[Opening Source records section]
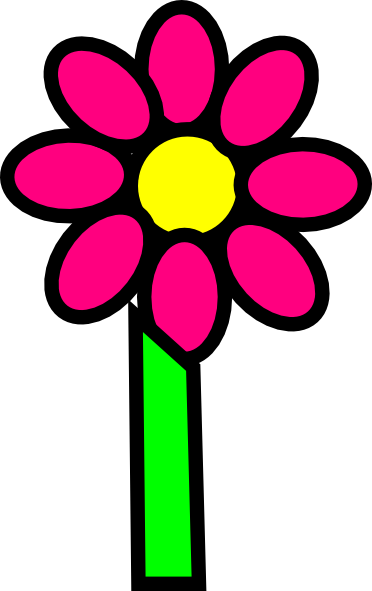 Pink Flower With Stem Clipart   Clipart Panda   Free Clipart Images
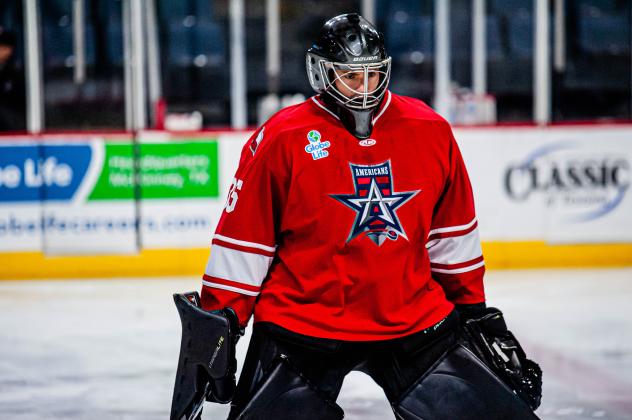 Allen Americans goaltender Chase Perry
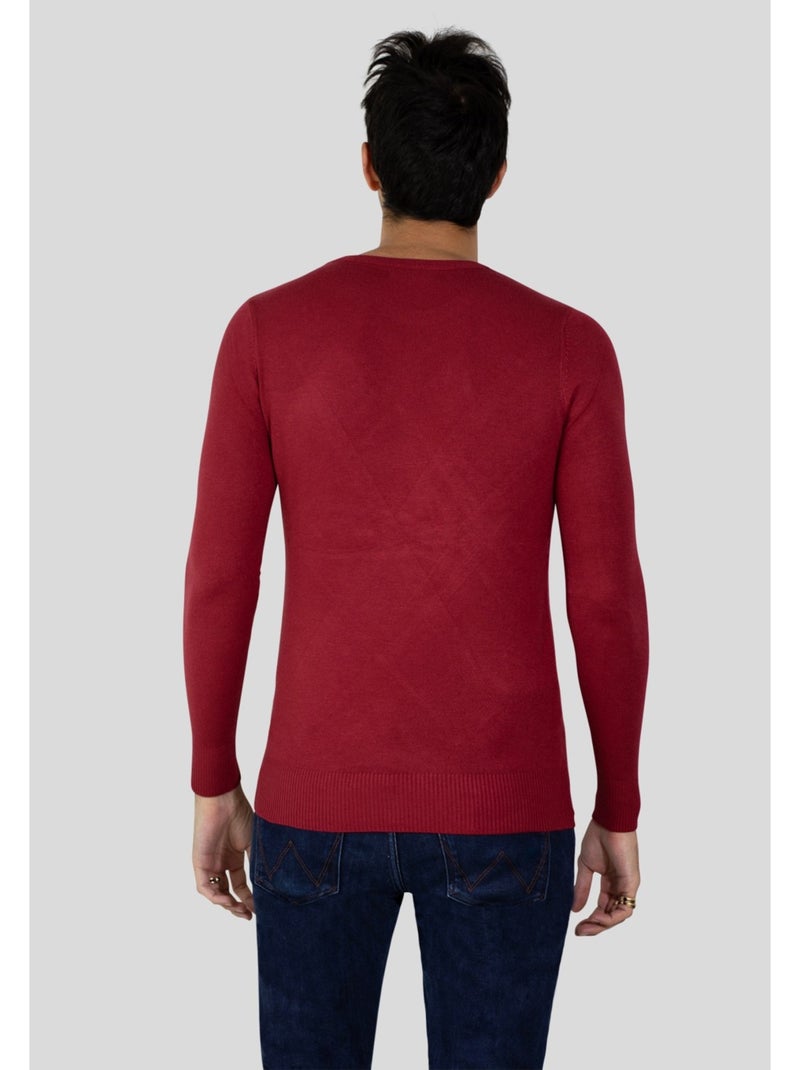 Jersey de manga larga y cuello redondo Kebello Rojo - Kiabi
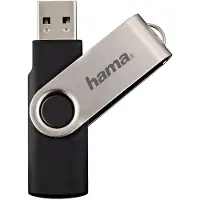 Hama Rotate USB 2.0 32GB, 32 GB, USB Typ-A, 2.0, Drehring, Schwarz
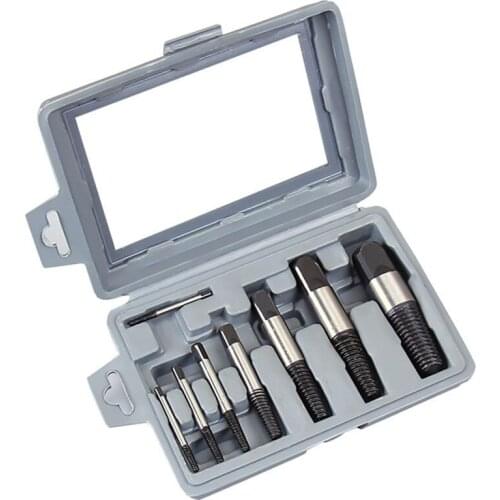 8pcs/set Screw Extractor Bolt Water Pipe Remover Drill Bit Double Side Screw Center Drill Kit Home Faucet Power Tool Accessories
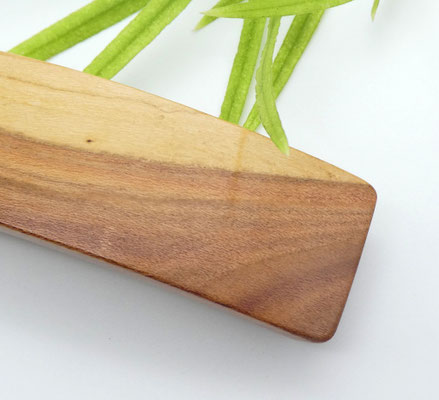 Haarspange aus Zwetschge & mittelgroße Klammer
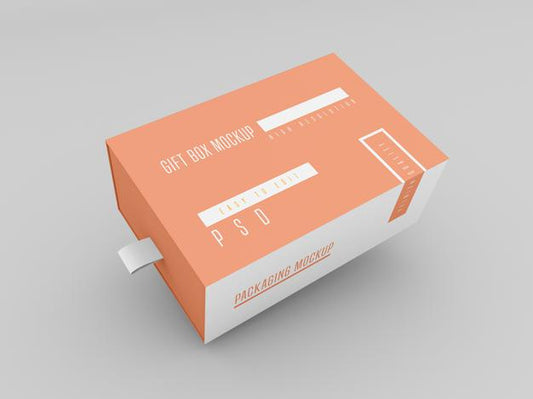 Free Gift Box Mockup Psd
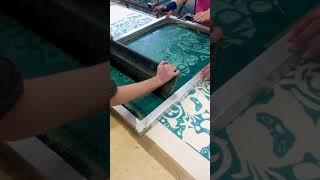 BA Textile Design student tour  Screen printing part 2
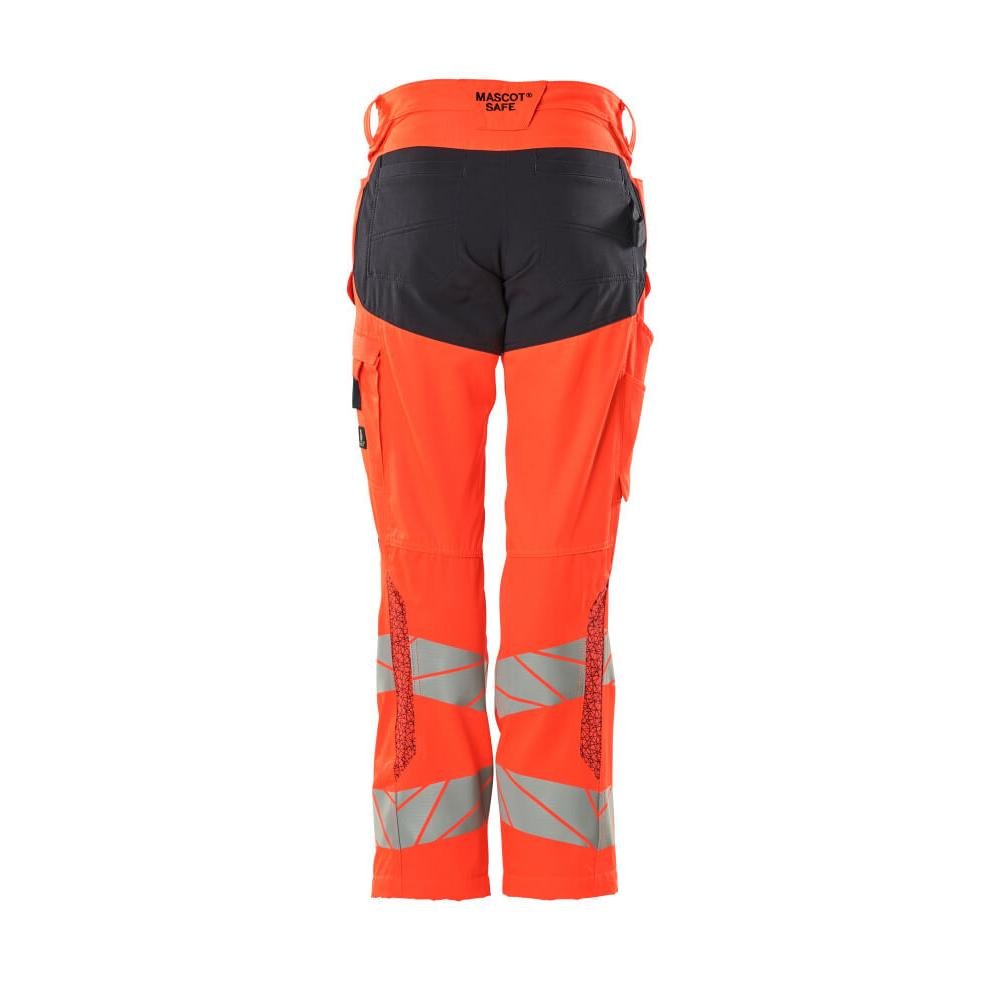 Calças femininas, DIAMOND, bolsos nos joelhos, calças elásticas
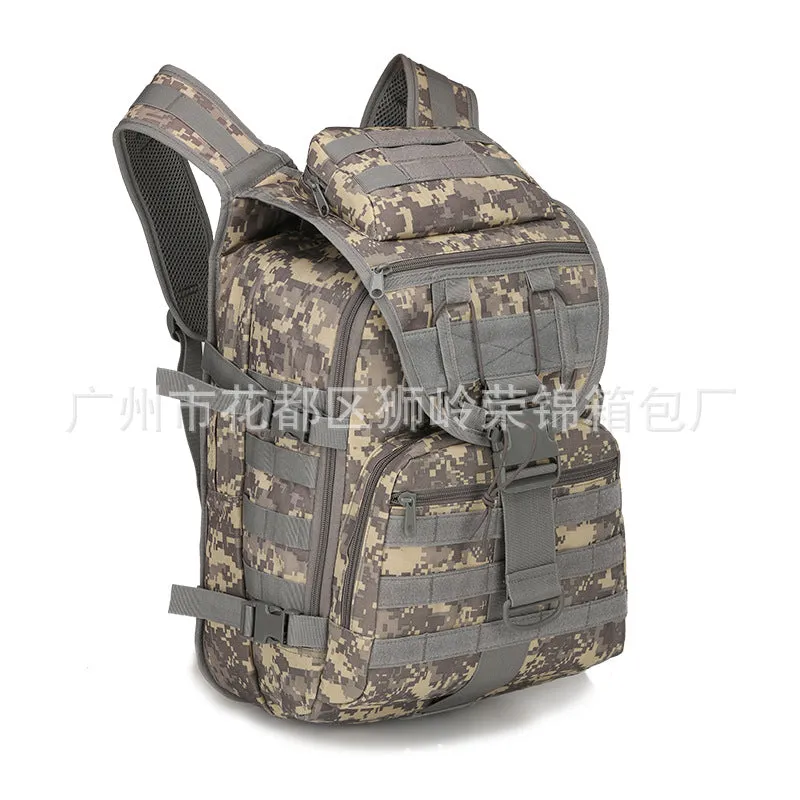 Backpack Combat Bag Waterproof Hiking   Hiking Camouflage Bag Wear-Resistant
[Closing Source records section]
* [What the task asks] The output must match the records word for word, except that no pictures appear.

* [Written reply]
 Pink Flower With Stem Clipart   Clipart Panda   Free Clipart Images
 Allen Americans goaltender Chase Perry
 Jersey de manga larga y cuello redondo Kebello Rojo - Kiabi
 Hama Rotate USB 2.0 32GB, 32 GB, USB Typ-A, 2.0, Drehring, Schwarz
 8pcs/set Screw Extractor Bolt Water Pipe Remover Drill Bit Double Side Screw Center Drill Kit Home Faucet Power Tool Accessories
 Haarspange aus Zwetschge & mittelgroße Klammer
 Free Gift Box Mockup Psd
 BA Textile Design student tour  Screen printing part 2
 Calças femininas, DIAMOND, bolsos nos joelhos, calças elásticas
 Backpack Combat Bag Waterproof Hiking   Hiking Camouflage Bag Wear-Resistant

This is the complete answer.